Rubio’s India Visit Exposes Trump’s Leverage Problem
Rubio is in India to steady a fraying partnership as tariffs, energy shocks and Pakistan policy pull Washington and New Delhi in different directions.
Marco Rubio lands in India on Saturday for a four-day trip meant to repair a relationship that Washington has helped fray: tariffs, closer U.S. engagement with Pakistan, and uncertainty over how hard the Trump administration wants to press China all put strain on the bilateral tie, Reuters reported (
Reuters). The immediate U.S. goal is simple: stop India from drifting while keeping it useful as a counterweight to Beijing. India’s goal is just as clear: get relief on trade and energy without giving up strategic autonomy.
Washington still has leverage — but India has options
Rubio is not arriving empty-handed. The U.S. still controls the larger market, the tariff schedule and the tone of the alliance. But India has leverage of its own: it is too important to ignore in the Indo-Pacific, too large a market to write off, and too central to any long-term China-balancing strategy. That is why the administration is trying to talk about energy and defense cooperation even as the trade dispute hangs over everything.
The tariff issue is the sharpest example.
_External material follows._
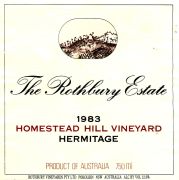 Rothbury_Homestead Hill_hermitage 1983
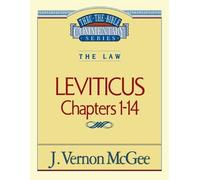 J. Vernon McGee Thru the Bible Vol. 06: The Law (Leviticus 1-14) (Tascabile)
Reuters said Trump’s tariffs hit India’s relationship hard, while the BBC reported that reciprocal tariffs were cut from 50% to 18% earlier this year, and then to 10% after a Supreme Court ruling, easing pressure on Indian exporters (
BBC). That is not a normal diplomatic reset; it is coercive bargaining. India got partial relief, but only after signaling it would buy more U.S. energy, aircraft, technology and agricultural goods.
This is why the economic side matters more than the photo-op. India posted $87.3 billion in exports to the U.S. in the year to March 2026, the BBC said, despite the tariff shock (
BBC). That tells you the two economies are still tightly linked, but also that New Delhi can absorb pain longer than Washington may have expected. U.S. exporters, especially in energy and farm products, gain if Rubio can lock in a broader trade framework. Indian textiles and other labor-intensive exporters lose if the tariff truce breaks down.
The Quad is the strategic cover story
The strategic overlay is the Quad. Rubio is expected to meet Indian officials in New Delhi and attend a Quad foreign ministers’ meeting on May 26, with the broader message that the U.S., India, Japan and Australia still stand for a “free and open Indo-Pacific,” Reuters and the BBC both said (
Reuters;
BBC). But the Council on Foreign Relations argues the grouping is already losing momentum: a planned Quad summit in India last year never materialized, and the bloc now looks less like an ascendant coalition than a relationship Rubio has to keep from drifting apart (
CFR).
That is the deeper problem for Washington. If India concludes the U.S. is treating the relationship as transactional — tariffs up one month, Pakistan outreach the next — then the Quad becomes a talking shop, not a strategic anchor. India will still cooperate, but more selectively, and with more hedging toward Russia, the Gulf and Europe. For
India, that is insurance. For
Global Politics, it is a warning that the anti-China coalition still has no stable political center.
What to watch next
The key date is May 26, when Rubio joins the Quad foreign ministers in New Delhi. Watch for two things: whether the U.S. signals another tariff carve-out or energy concession, and whether both sides can announce a concrete trade deadline. If they cannot, this trip will be remembered less as a reset than as a damage-control exercise.